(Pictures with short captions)
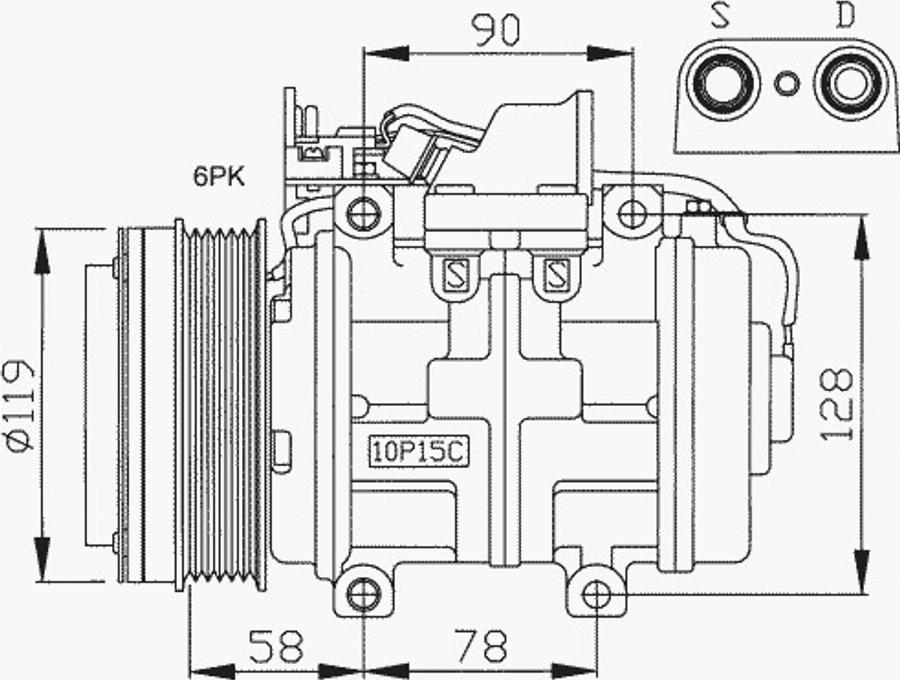 NRF 32039 - Компрессор кондиционера autodnr.net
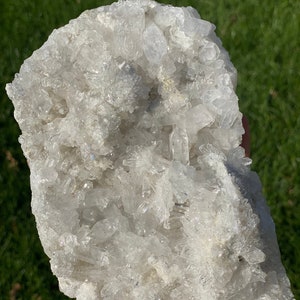 Raw Quartz Crystal Cluster - Rough Quartz Cluster - Crystal Quartz Specimen - Clear Quartz Cluster - Unique Quartz Cluster - 29 - 20% Off!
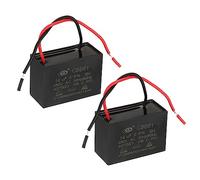 PATIKIL CBB61 Techo Ventilador Condensador, 2uds 14uF 450V AC 50/60HZ con 2 Cables para Aire Acondicionador Ventilador Motor Estrella Funcionamiento Condensadores 60 x 40 x 42mm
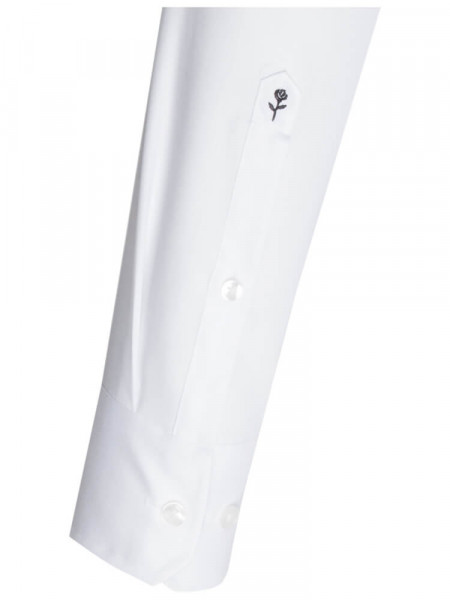 SEIDENSTICKER Slim Fit Overhemd Wit Haifisch Oxford - Weergave 1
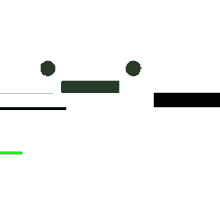 a black and white drawing of a face with a green line behind it .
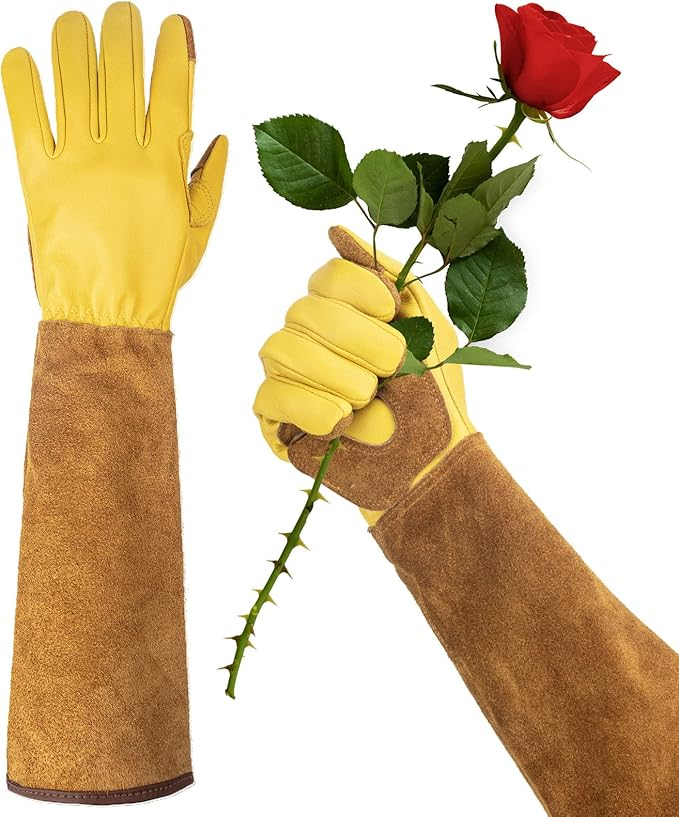 WOHEER Long Gardening Gloves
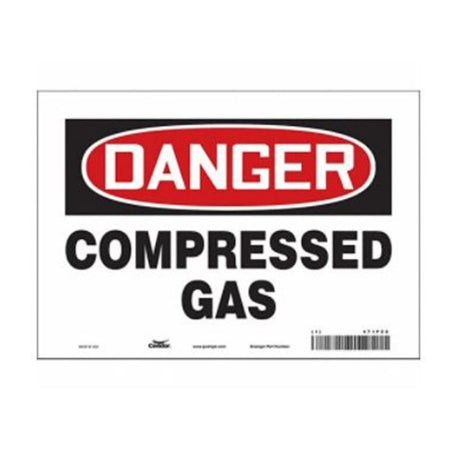 Grainger Wall Sign Caution Condor Danger Compressed Gas - Each - 471P50-EA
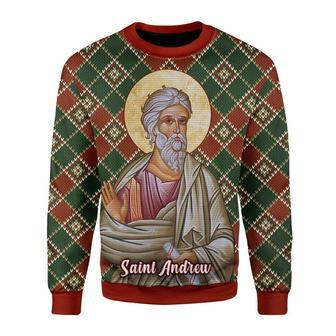 Andrew The Apostle Ugly Christmas Sweater | Favorety UK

TASK TO CARRY OUT: Transcribe, word for word, the line holding "PATIKIL CBB61 Techo" and all lines after it in the entries above, ending with the last. Only those lines; no pictures.

RESPONSE TO THIS TASK:
 PATIKIL CBB61 Techo Ventilador Condensador, 2uds 14uF 450V AC 50/60HZ con 2 Cables para Aire Acondicionador Ventilador Motor Estrella Funcionamiento Condensadores 60 x 40 x 42mm
 SEIDENSTICKER Slim Fit Overhemd Wit Haifisch Oxford - Weergave 1
 a black and white drawing of a face with a green line behind it .
 WOHEER Long Gardening Gloves
 Grainger Wall Sign Caution Condor Danger Compressed Gas - Each - 471P50-EA
 Andrew The Apostle Ugly Christmas Sweater | Favorety UK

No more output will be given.